▶ _Excerpted records_:

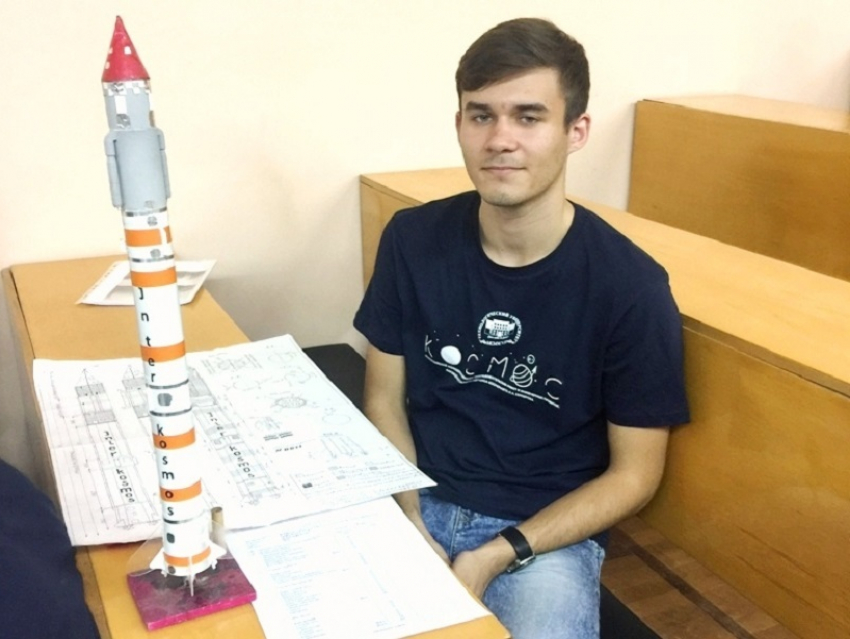 Талантливый волгодонец создал точную модель космической ракеты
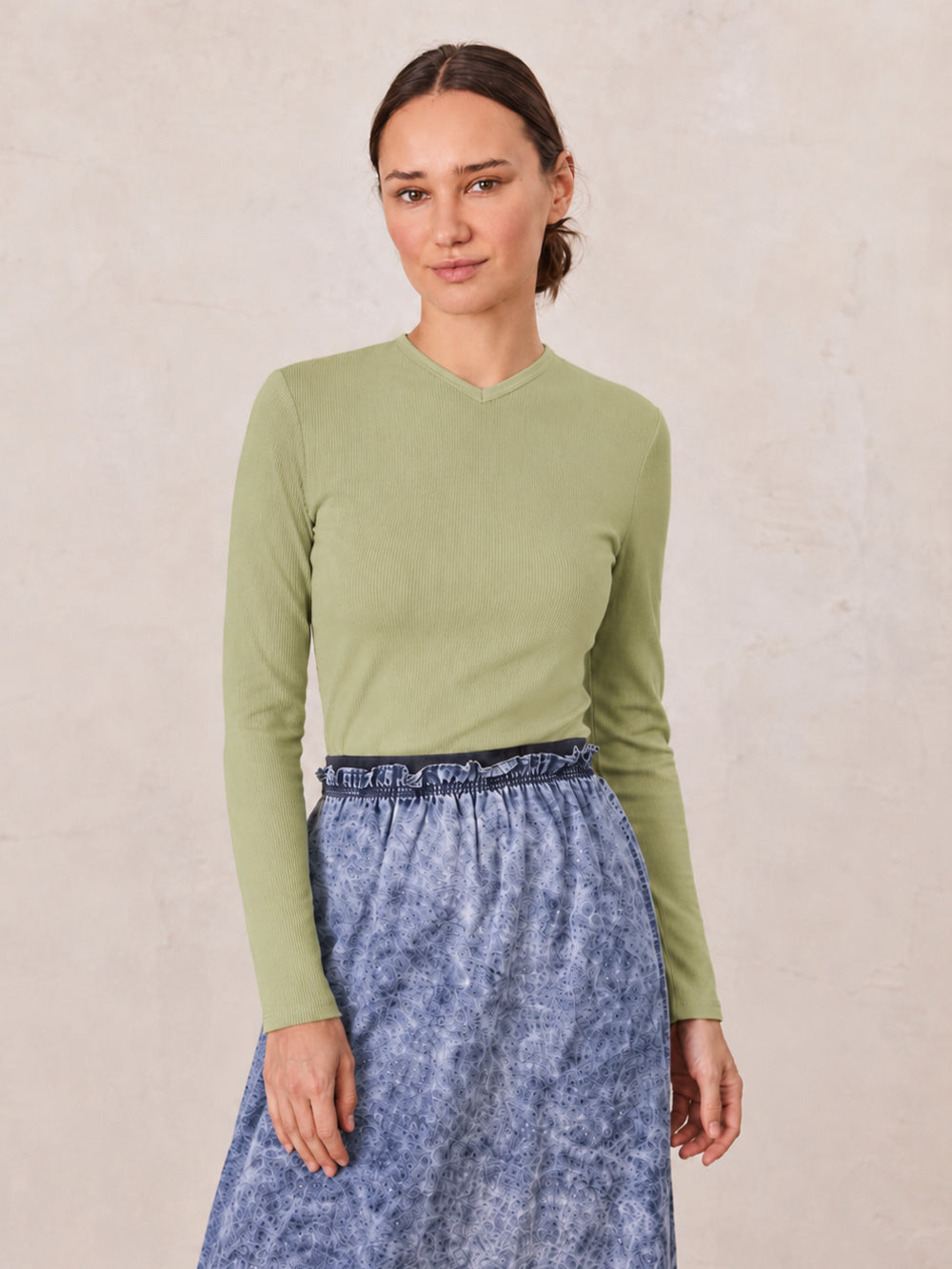 Soft Ribbed High V Tee-Muted Lime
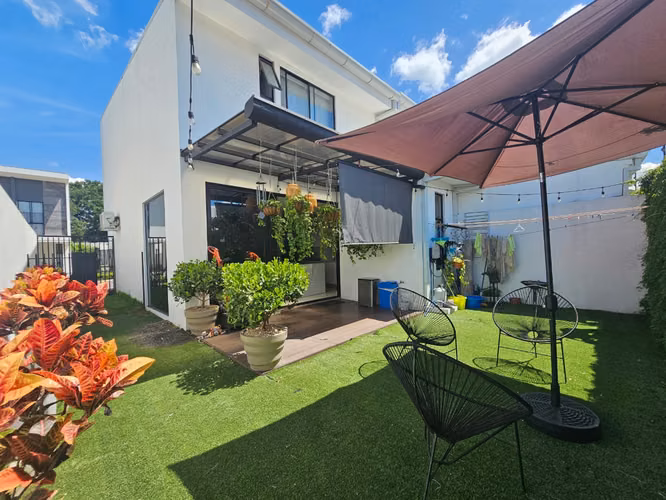Alquiler Casa Amueblada en Condominio en Pozos, Santa Ana - 2HAB/2.5BA - 160M²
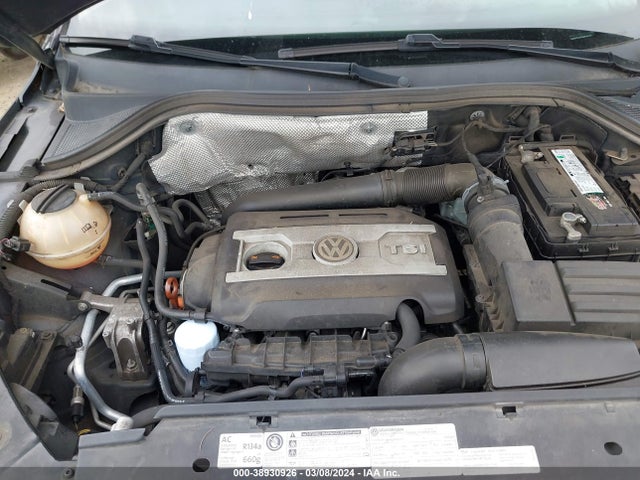 2012 VOLKSWAGEN TIGUAN SE VIN: WVGAV7AX7CW530795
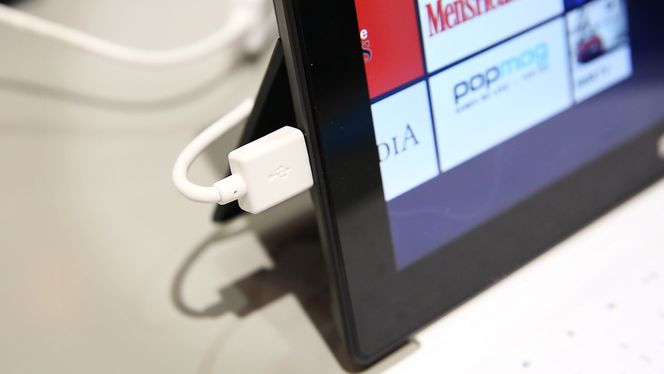 USB: Et nettbrett med en full USB 3.0-kontakt er ikek hverdagskost. Dessverre.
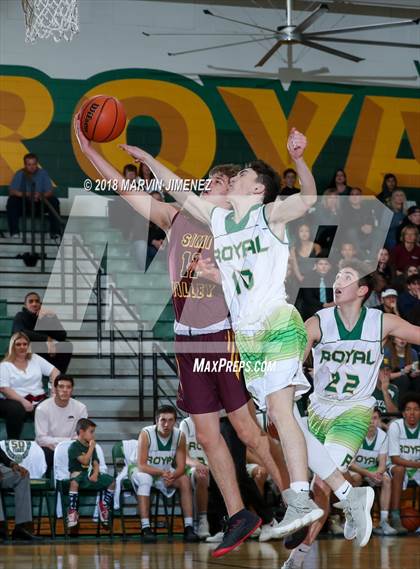 Thumbnail 1 in Royal vs Simi  photogallery.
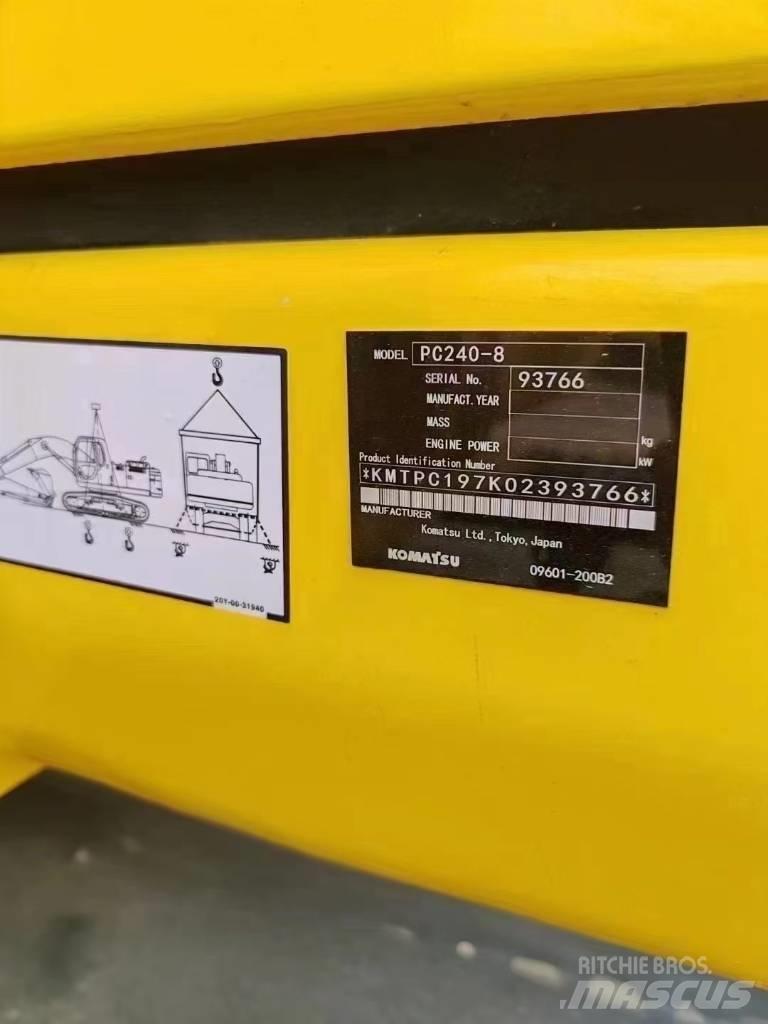 Komatsu 240LC-8 Kāpurķēžu ekskavatori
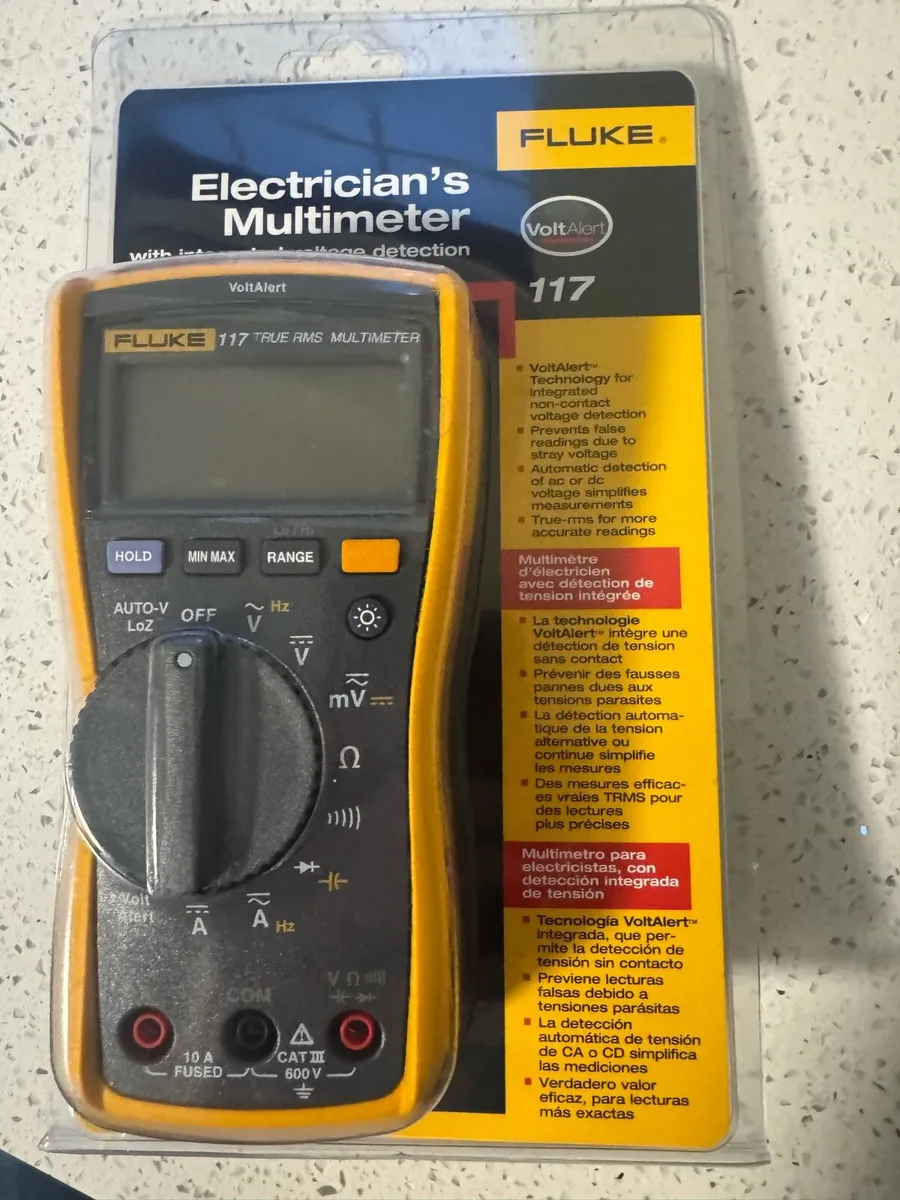 Fluke 117 electrician multimeter - Image 1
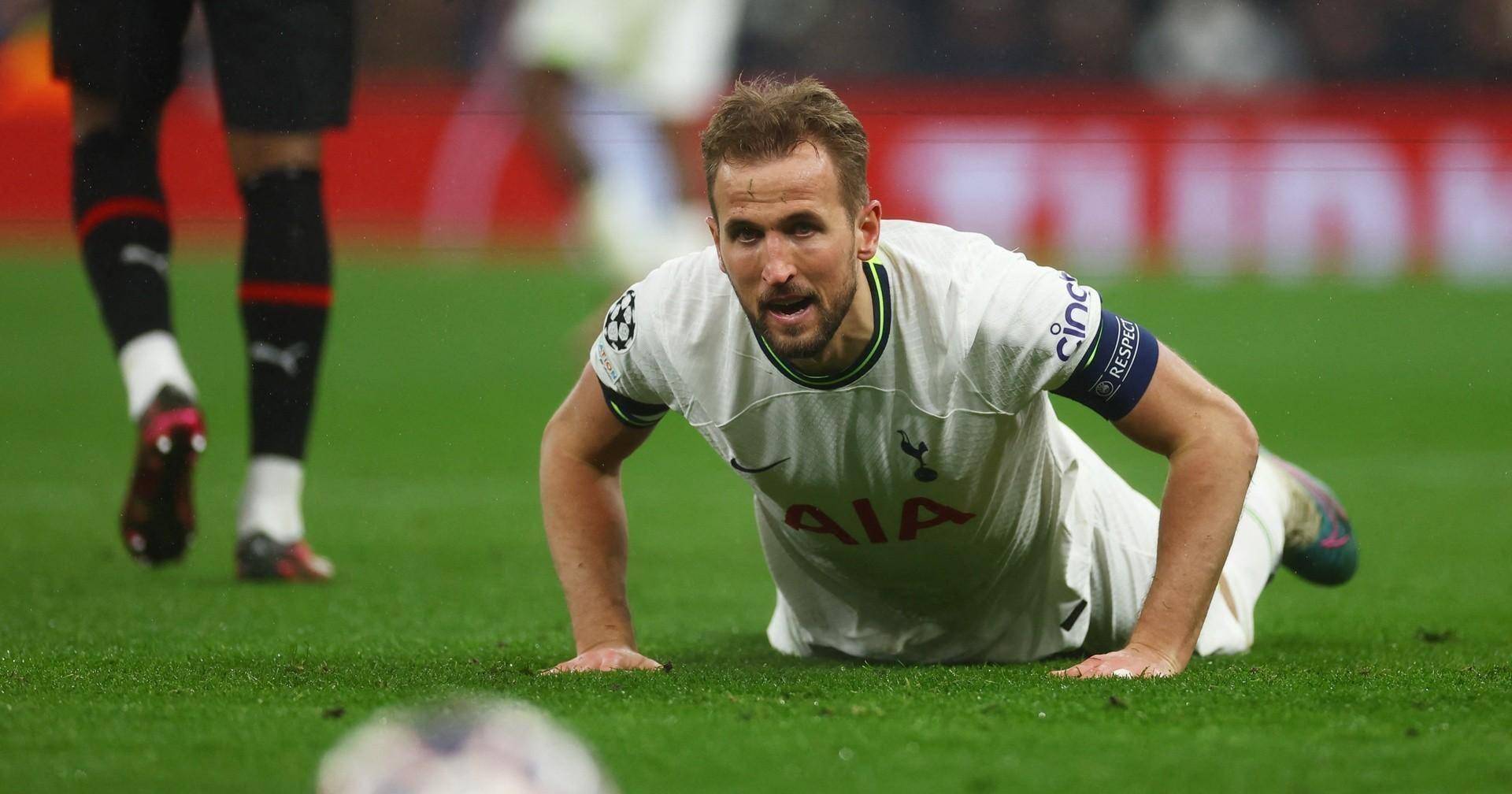 谢菲联不敌劲敌，战绩连续颓势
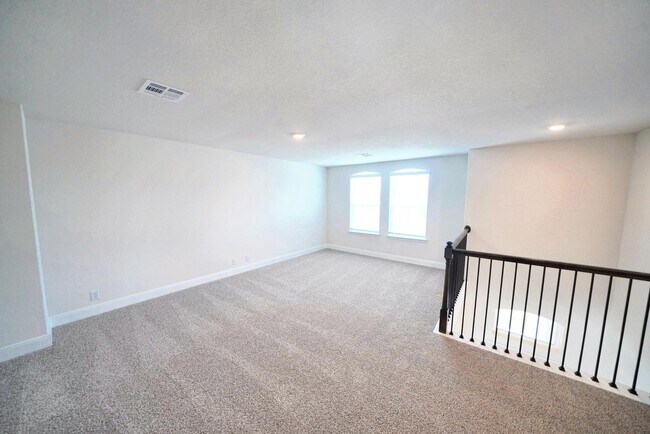 Building Photo - Stunning New Cibolo Home Now Available in Steel Creek - Realtor Commission: $500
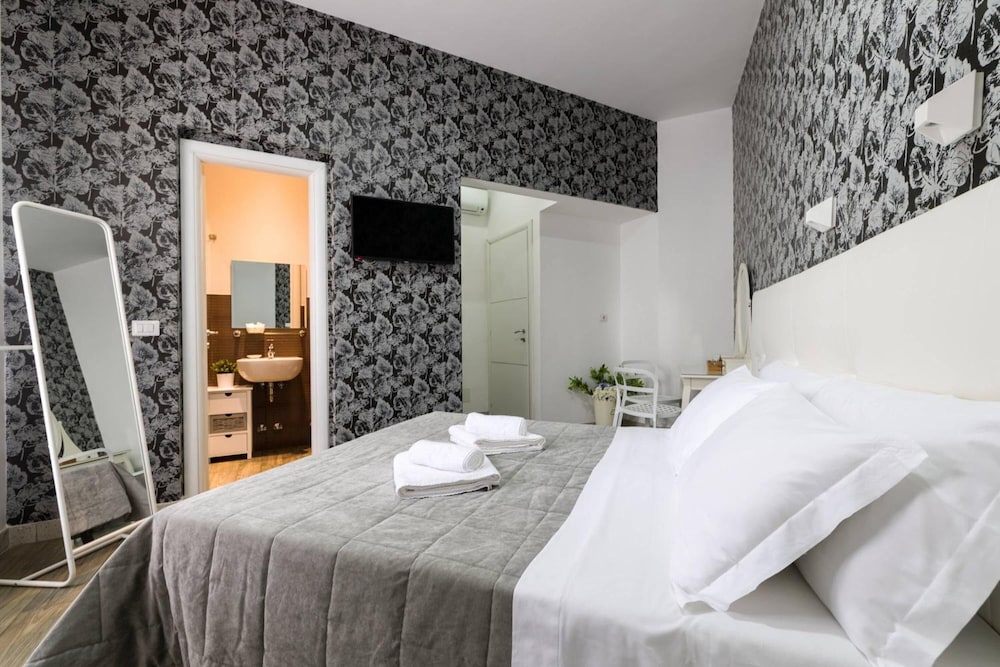 Rome Vatican Inn — Hotel rooms in Rome, Lazio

▶ _Exercise description_:
Copy only this, please: the line with "2012 VOLKSWAGEN TIGUAN" and every line after it through the end of the data, with no pictures.

▶ _Exercise answer_:
 2012 VOLKSWAGEN TIGUAN SE VIN: WVGAV7AX7CW530795
 USB: Et nettbrett med en full USB 3.0-kontakt er ikek hverdagskost. Dessverre.
 Thumbnail 1 in Royal vs Simi  photogallery.
 Komatsu 240LC-8 Kāpurķēžu ekskavatori
 Fluke 117 electrician multimeter - Image 1
 谢菲联不敌劲敌，战绩连续颓势
 Building Photo - Stunning New Cibolo Home Now Available in Steel Creek - Realtor Commission: $500
 Rome Vatican Inn — Hotel rooms in Rome, Lazio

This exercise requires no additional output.